■ RECORDS FOR THIS EXERCISE ■

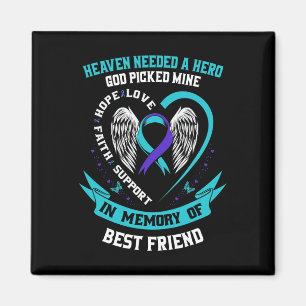 Needed A Hero God Picked My Best Friend Suicide Gi Magnet
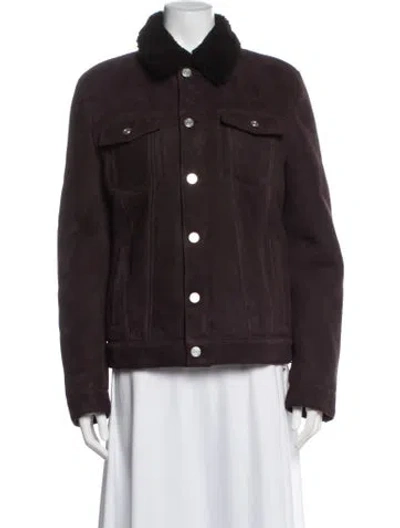Pre-owned Reiss Jacket In Brown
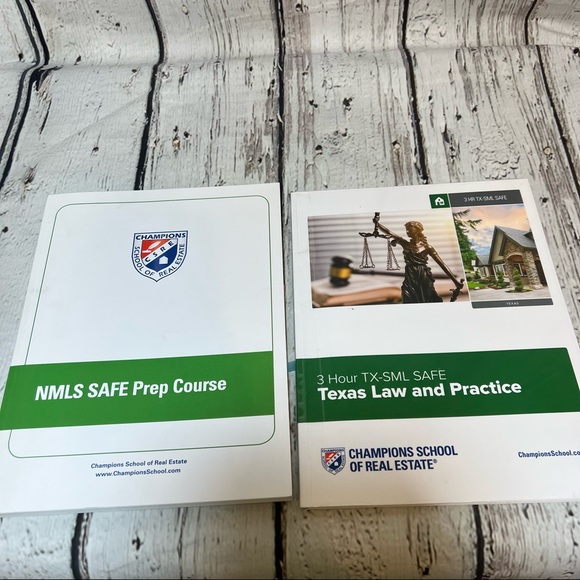 2019 NMLS SAFE PREP COURSE WITH 3 HOUR TX LAW AND PRACTICE - Picture 7 of 9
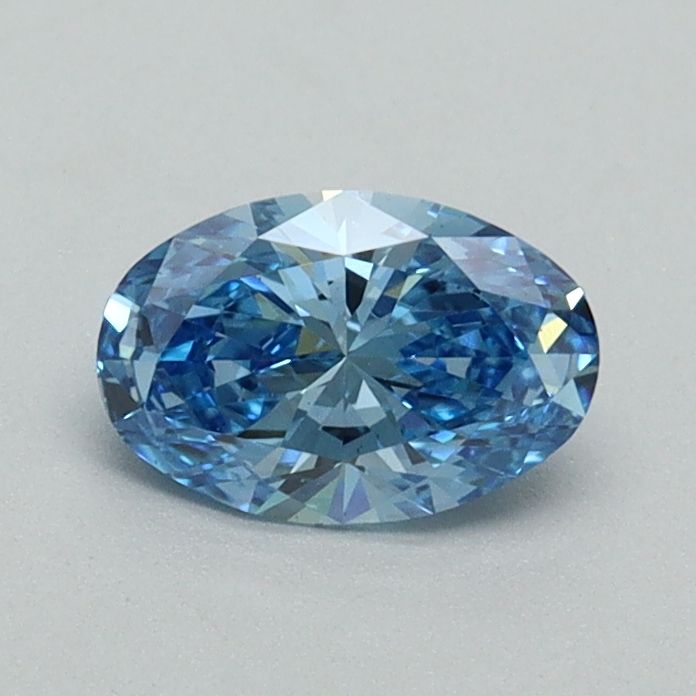 0.53 ct. Fancy Vivid Blue/VS2 Oval Lab Grown Diamond prod_8e7f3e1f356b47acbe88315d9c3da0e9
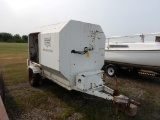 ROTO ROOTER MODEL 444 PORTABLE RODDER,  2 CYLINDER GAS ENGINE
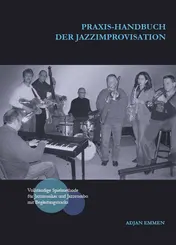 Omslag van Praxis-Handbuch der Jazzimprovisation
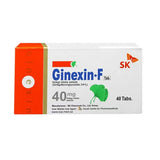 Genexin-F Ginkgo Biloba 40 mg 40 Tablets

■ WHAT IS REQUIRED ■
Omit the pictures, then set down all the remaining data exactly as given.

■ RESULT FOR THIS EXERCISE ■
 Needed A Hero God Picked My Best Friend Suicide Gi Magnet
Pre-owned Reiss Jacket In Brown
 2019 NMLS SAFE PREP COURSE WITH 3 HOUR TX LAW AND PRACTICE - Picture 7 of 9
 0.53 ct. Fancy Vivid Blue/VS2 Oval Lab Grown Diamond prod_8e7f3e1f356b47acbe88315d9c3da0e9
 ROTO ROOTER MODEL 444 PORTABLE RODDER,  2 CYLINDER GAS ENGINE
 Omslag van Praxis-Handbuch der Jazzimprovisation
 Genexin-F Ginkgo Biloba 40 mg 40 Tablets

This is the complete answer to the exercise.